### THE TASK
The listing below holds a line with "Yuasa YBX1012 12V" and a line with "Entorno local y". Reproduce those two lines exactly, plus everything between them.

### TASK INPUTS
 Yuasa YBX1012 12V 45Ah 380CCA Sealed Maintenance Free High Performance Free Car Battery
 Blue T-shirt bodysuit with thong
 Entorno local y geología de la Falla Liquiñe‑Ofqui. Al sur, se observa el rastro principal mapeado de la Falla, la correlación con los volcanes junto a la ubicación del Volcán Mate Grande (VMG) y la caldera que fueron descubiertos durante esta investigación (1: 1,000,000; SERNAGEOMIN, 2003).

--

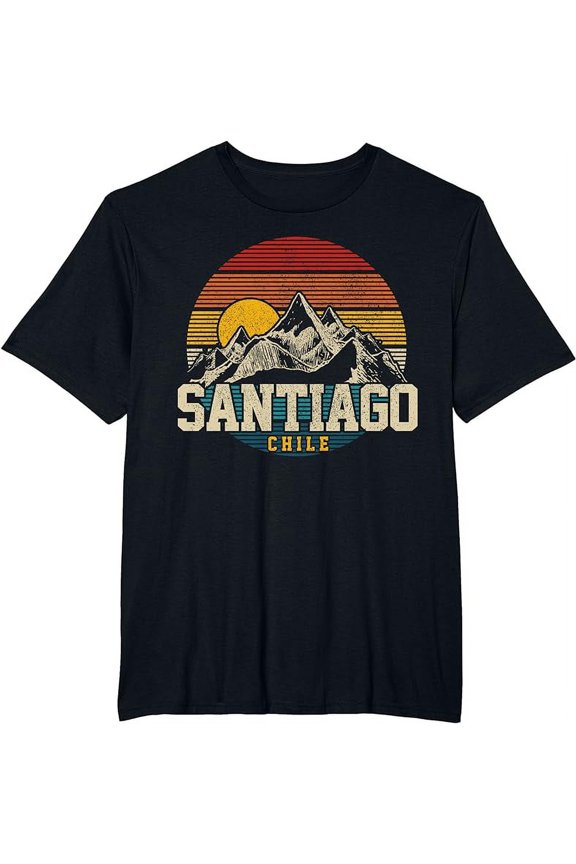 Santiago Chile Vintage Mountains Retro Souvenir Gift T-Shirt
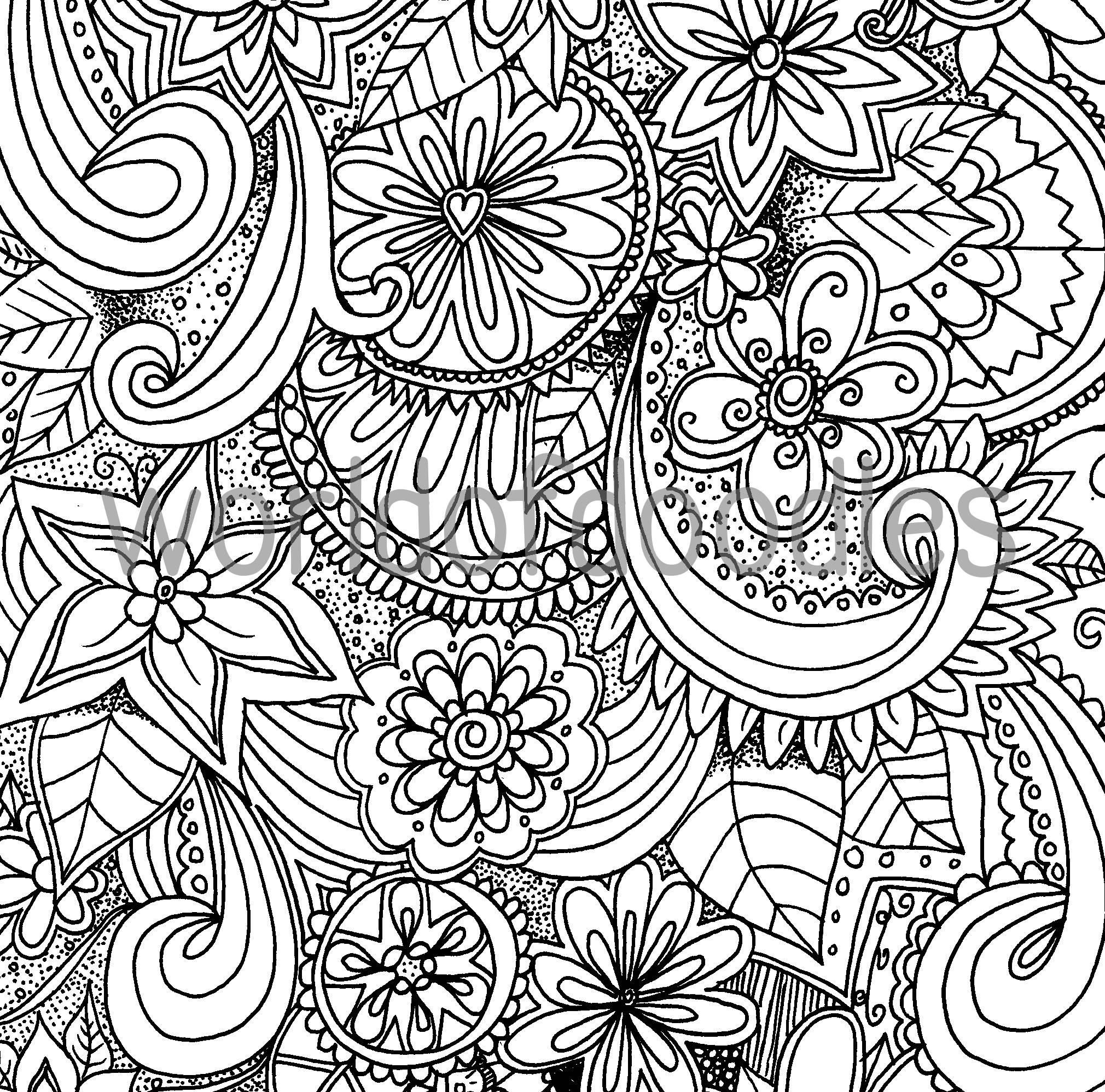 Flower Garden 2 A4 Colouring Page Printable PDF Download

==

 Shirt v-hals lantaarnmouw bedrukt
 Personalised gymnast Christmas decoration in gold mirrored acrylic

### RESULT
 Yuasa YBX1012 12V 45Ah 380CCA Sealed Maintenance Free High Performance Free Car Battery
 Blue T-shirt bodysuit with thong
 Entorno local y geología de la Falla Liquiñe‑Ofqui. Al sur, se observa el rastro principal mapeado de la Falla, la correlación con los volcanes junto a la ubicación del Volcán Mate Grande (VMG) y la caldera que fueron descubiertos durante esta investigación (1: 1,000,000; SERNAGEOMIN, 2003).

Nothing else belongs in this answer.